## [What is required]
Could you set down the lines from the first line of the entries below through the line with "The central gathering", exactly and with no pictures?

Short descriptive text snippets
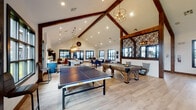 This single-floor community amenity space blends rustic charm with modern design through a striking architectural framework of soaring vaulted ceilings and prominent exposed dark wood beams. Light hardwood flooring flows throughout, tying together the distinct functional zones seamlessly.

The central gathering area serves as the heart of the space, featuring a full-size ping pong table and a substantial shuffleboard table, ideal for recreational use. Decorative geometric lattice panels add an artistic focal point, while elegant orb and lantern-style pendant chandeliers cast warm, inviting light throughout.

Adjacent to the game area, a well-equipped kitchenette offers a large island with bar seating, navy blue cabinetry with stainless steel appliances, shiplap-accented walls, and white quartz countertops. Oversized lantern pendants hang above the island, reinforcing the space's warm industrial-farmhouse aesthetic.

Multiple lounge zones provide comfortable seating, including plush sectional sofas, leather accent chairs, and a large wall-mounted TV for entertainment. A dining area with high-top tables and modern chairs offers additional gathering options.

Black-framed grid windows line the walls throughout, flooding the interior with natural light and offering views of the surrounding outdoor amenity areas, including what appears to be a pool courtyard. The overall ambiance is welcoming, versatile, and thoughtfully designed for both social gatherings and relaxed everyday use.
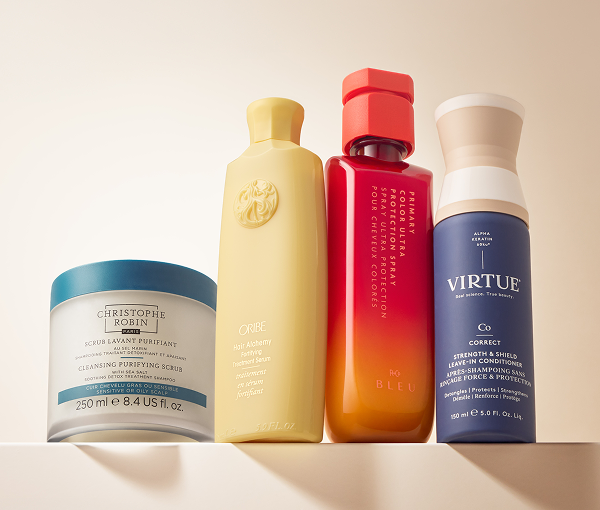 Product shot of assorted hair care products sitting on a ledge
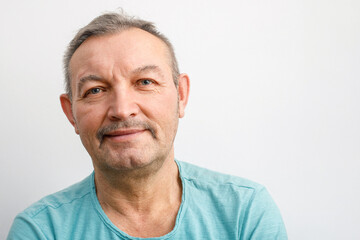 Fototapeta premium Portrait of a friendly elderly man with a mustache. A gray-haired man smiles looking at the camera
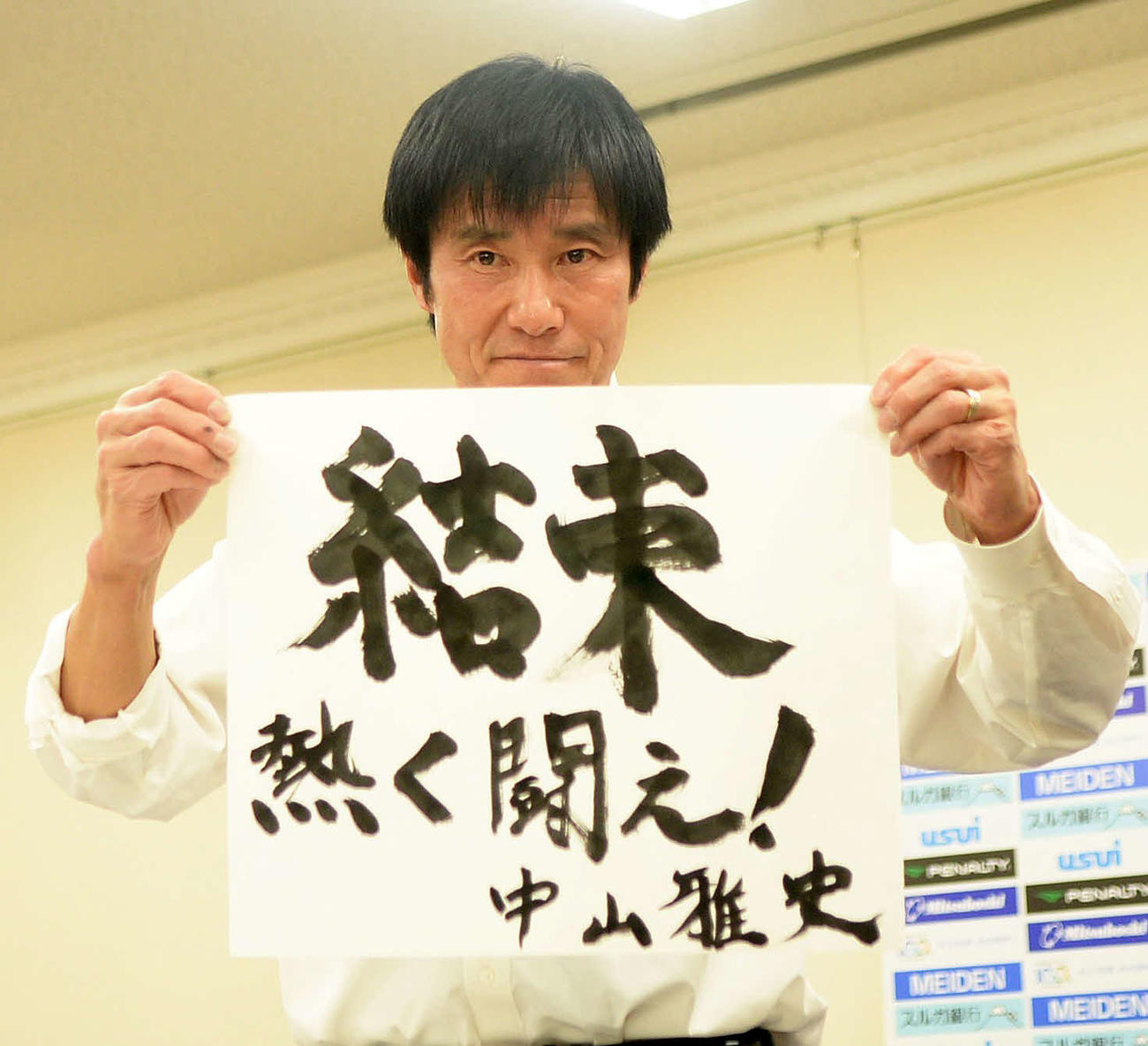 直筆で書いた今季のクラブスローガンを披露するJ3沼津の中山監督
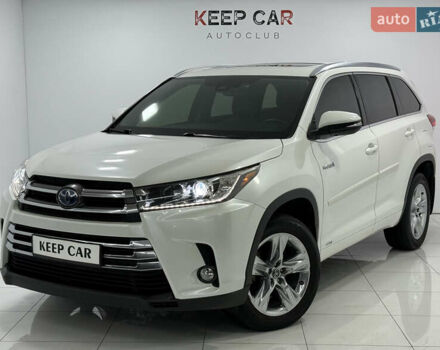 Белый Тойота Хайлендер, объемом двигателя 3.46 л и пробегом 100 тыс. км за 34000 $, фото 1 на Automoto.ua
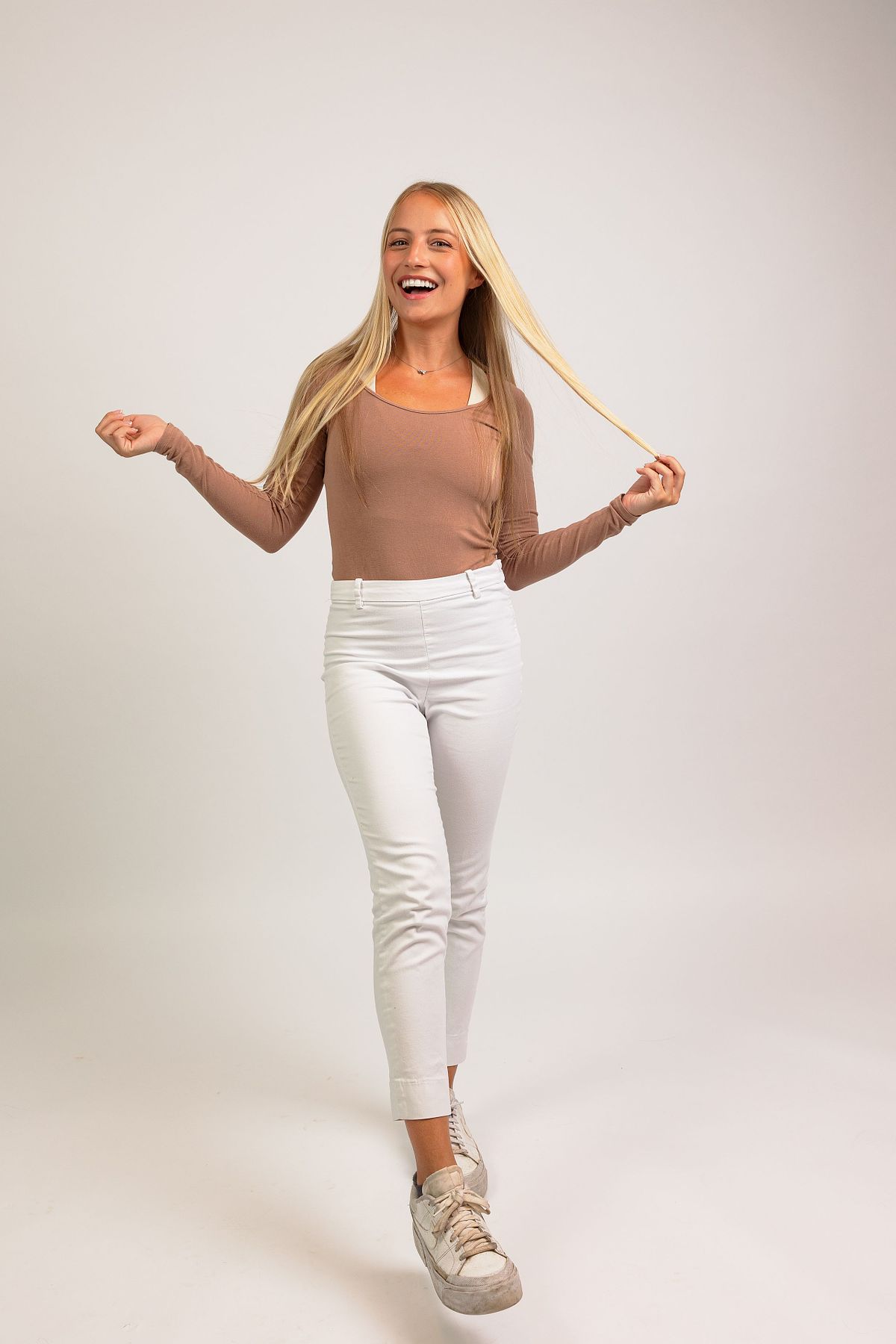 A full-body photograph of a woman against a white backdrop at Innovate Carolina's offices in Chapel Hill, NC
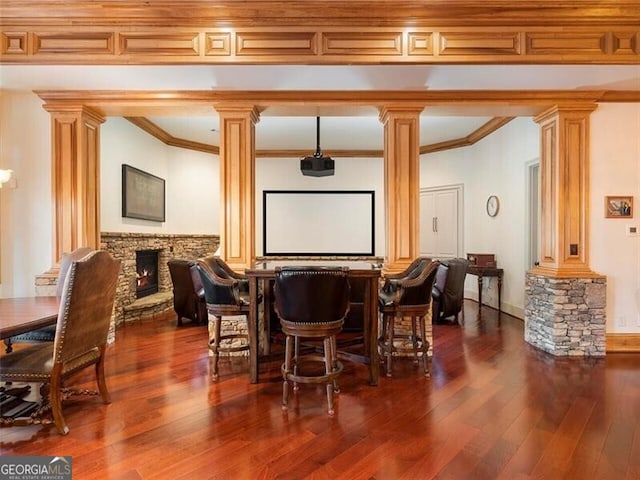 bar featuring dark wood-type flooring, ornamental molding, a fireplace, and decorative columns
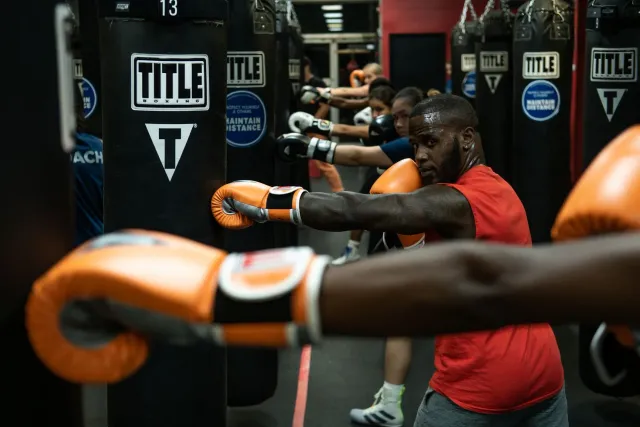 Floyd Mayweather Jr. hamriik iha ringue ho luvas boxe, nia rosto seriu, iha fundu luz neon, hatudu luta exhibition kansela ta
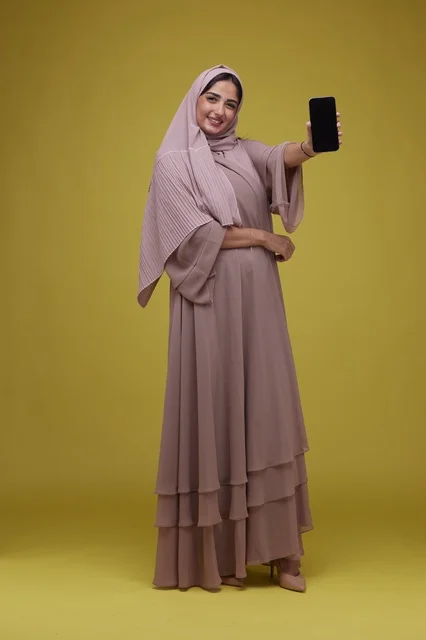 Saudi Woman with Hijab Holding Blank Smartphone Screen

## [Solved exercise]
 This single-floor community amenity space blends rustic charm with modern design through a striking architectural framework of soaring vaulted ceilings and prominent exposed dark wood beams. Light hardwood flooring flows throughout, tying together the distinct functional zones seamlessly.

The central gathering area serves as the heart of the space, featuring a full-size ping pong table and a substantial shuffleboard table, ideal for recreational use. Decorative geometric lattice panels add an artistic focal point, while elegant orb and lantern-style pendant chandeliers cast warm, inviting light throughout.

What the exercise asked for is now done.